Shadows in monochrome

Shadows can be a very important part of a photograph. They give a sense of weight and of depth to an image. This is particularly important in black and white photographs for, without the presence of colour, monochrome images rely on tonal values, texture and shapes to form a powerful image.

The following images show how I like to present shadows. There are always exceptions depending on subject and light, but for establishing the depth and darkness of the shadows I usually approach them in the same way.

Whilst taking the photograph I ensure that the shadows are not blocked out and that the lights are not blown. With the Fuji cameras I use, recovery of detail in the darker areas of the picture is usually very good indeed, so a miscalculation in the shadow depth is not always a disaster. They can normally be recovered in post-processing [PP]. However, getting it right in camera is obviously the best way to go, it will mean less work in PP. I always ensure the whites are not blown. If the camera has not captured any detail in the brighter areas of the image, then no amount of PP will bring them back.

Once the images are in my processing workflow, then I continually check that the white and black points are not blown or blocked using Levels.
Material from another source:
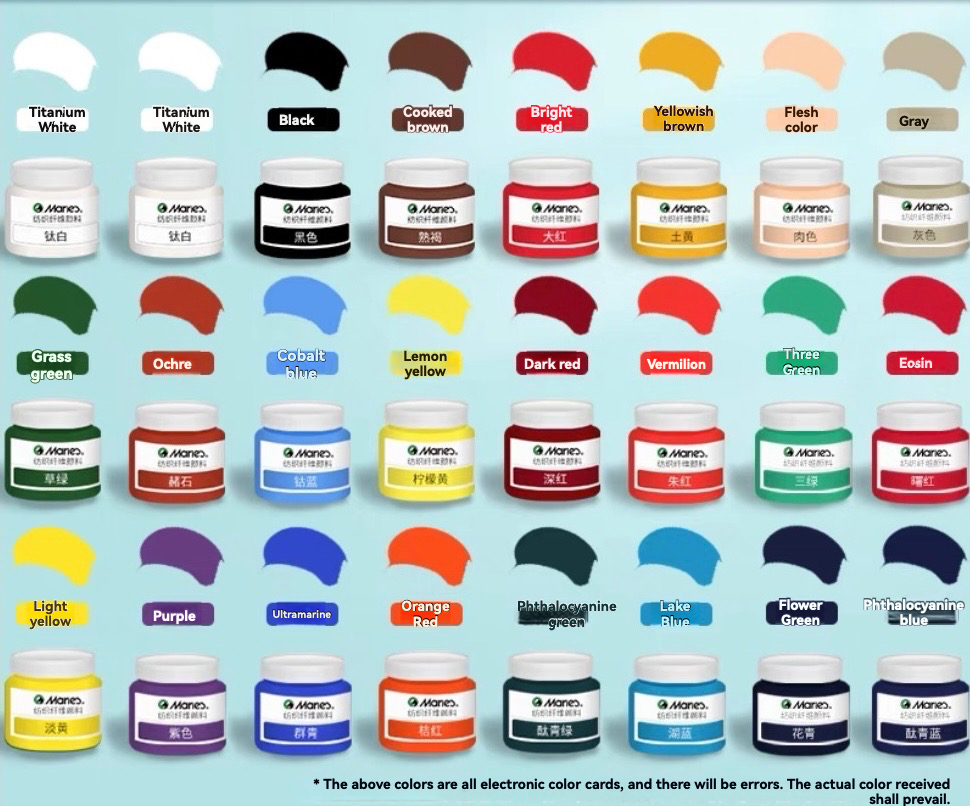 24 couleurs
If they are then I re-adjust. This can happen throughout processing particularly in sharpening.

As I print my finished images, I personally prefer to ensure that I can print shadows without blocking and light areas without leaving the paper itself to emulate pure white. This eliminates the slight halo that can occur around the edge of a non-printed area on a print. The final tweak for white and black points happens in soft-proofing the photograph before the printing is done.

Fujifilm X-T1, Fujinon XF18-135mm F/3.5-5.6 R LM OIS WR

In this image, the harsh directional light produces shadows from the walls of the building which I have darkened whilst still retaining detail. Of course, this could have been approached in a more contrast-orientated manner and would have been equally viable.

Fujifilm X-T1, Fujinon XF18-135mm F/3.5-5.6 R LM OIS WR

The diagonal shadows in this picture formed a strong movement through the image in contrast to the lines of the steps. The detail in the shadows ensures that the image does not become disjointed between its light and dark areas.

Fujifilm X-T1, Fujinon XF18-135mm F/3.5-5.6 R LM OIS WR

The image shows that with careful use of shadows and the detail within them, a composition can work almost as an abstract by using the contrast between light and dark, whilst still retaining its representational values.